■ **RAW DATA**

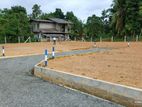 Land for Sale at Meegoda Watarake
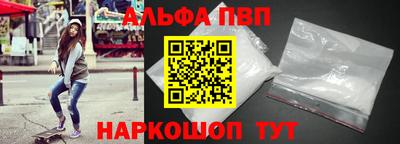 гашиш Гусь-Хрустальный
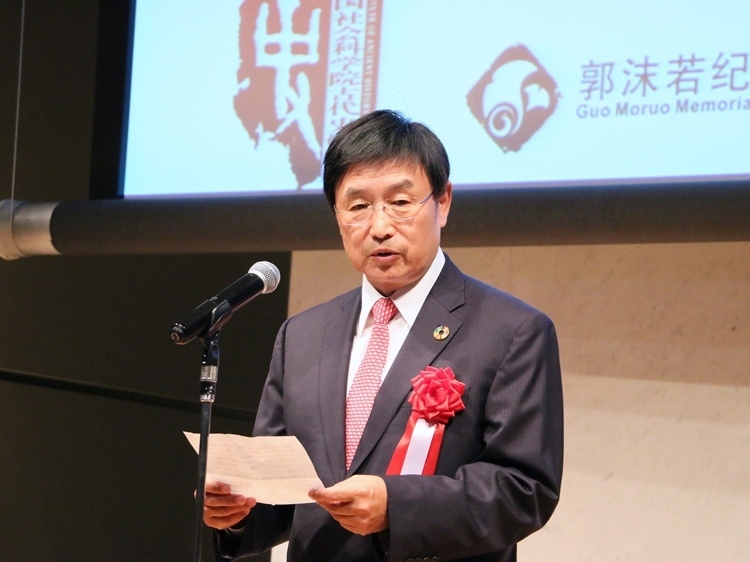 日中友好會館中國代表理事黃星原致辭。人民網(wǎng) 許可攝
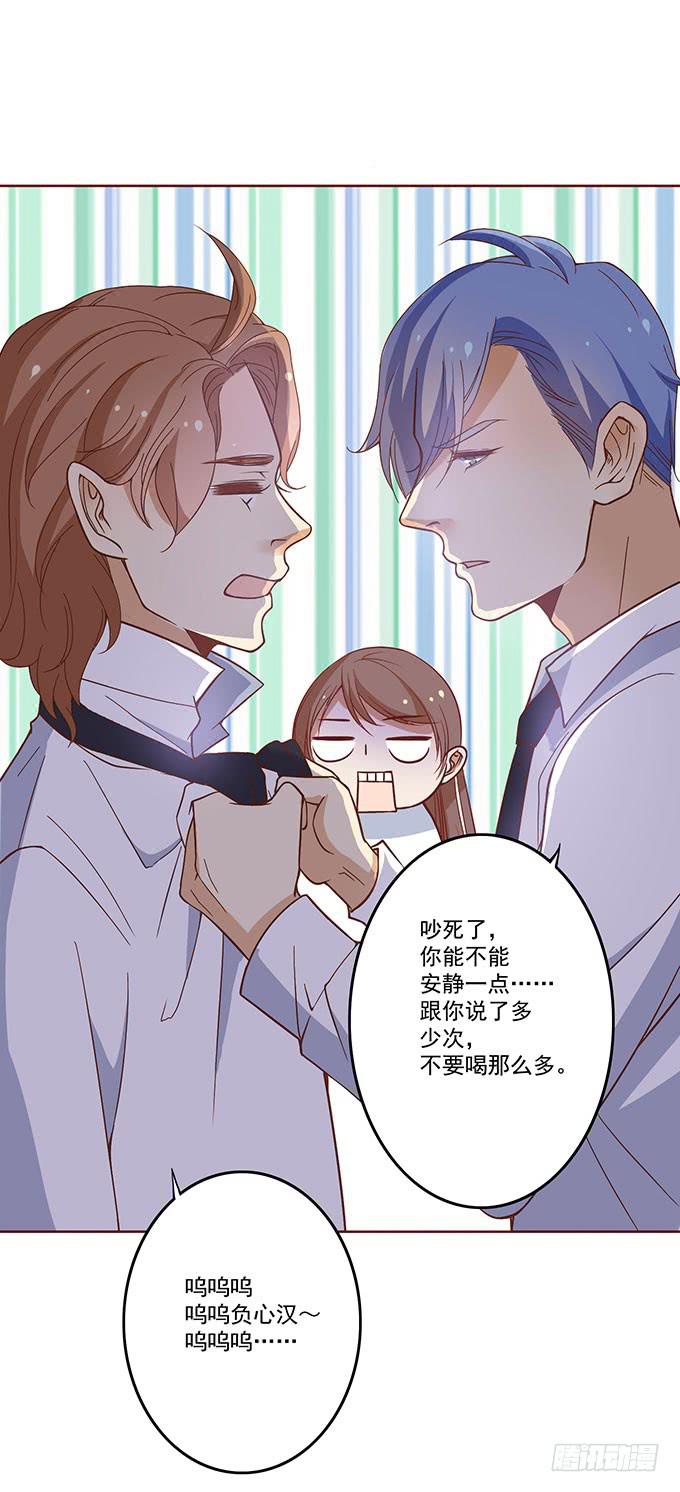 《我的男神是Gay？》基友...出现了？！ 第17页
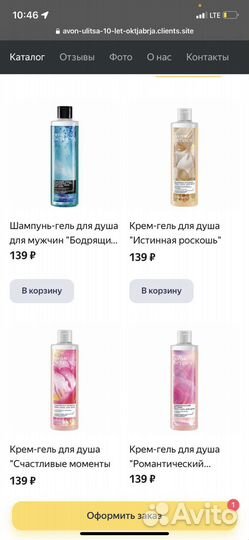 Гель дл душа Avon Эйвон Senes 250 мл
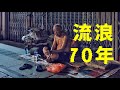 广州老人流浪街头70年，至今没有身份证！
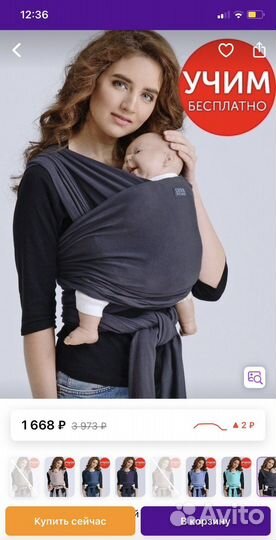 Слинг шарф diva milano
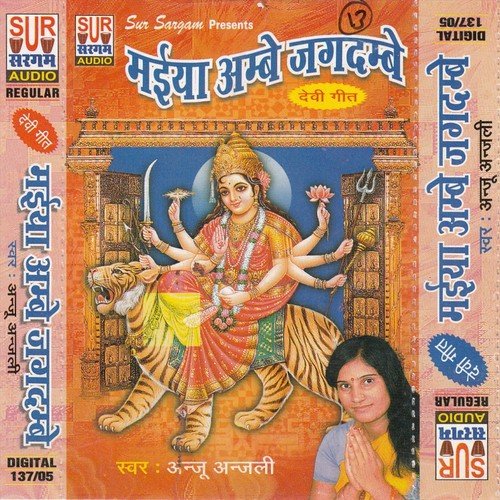 Aaib Dwar Tohri - Anju Anjli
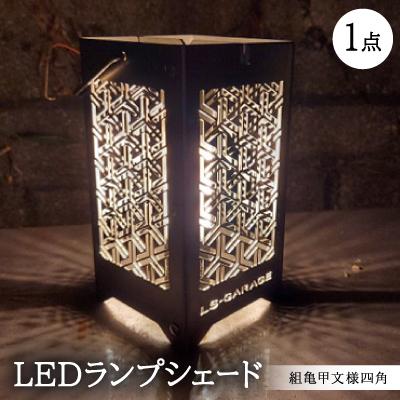 ふるさと納税 岡崎市 LEDランプシェード　組亀甲文様四角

■ **ACTION ITEM**
Restate, word for word, the entries above, dropping any picture.

■ **RESPONSE TO THE TASK**
 Land for Sale at Meegoda Watarake
 гашиш Гусь-Хрустальный
 日中友好會館中國代表理事黃星原致辭。人民網(wǎng) 許可攝
 《我的男神是Gay？》基友...出现了？！ 第17页
 Гель дл душа Avon Эйвон Senes 250 мл
 广州老人流浪街头70年，至今没有身份证！
 Слинг шарф diva milano
 Aaib Dwar Tohri - Anju Anjli
 ふるさと納税 岡崎市 LEDランプシェード　組亀甲文様四角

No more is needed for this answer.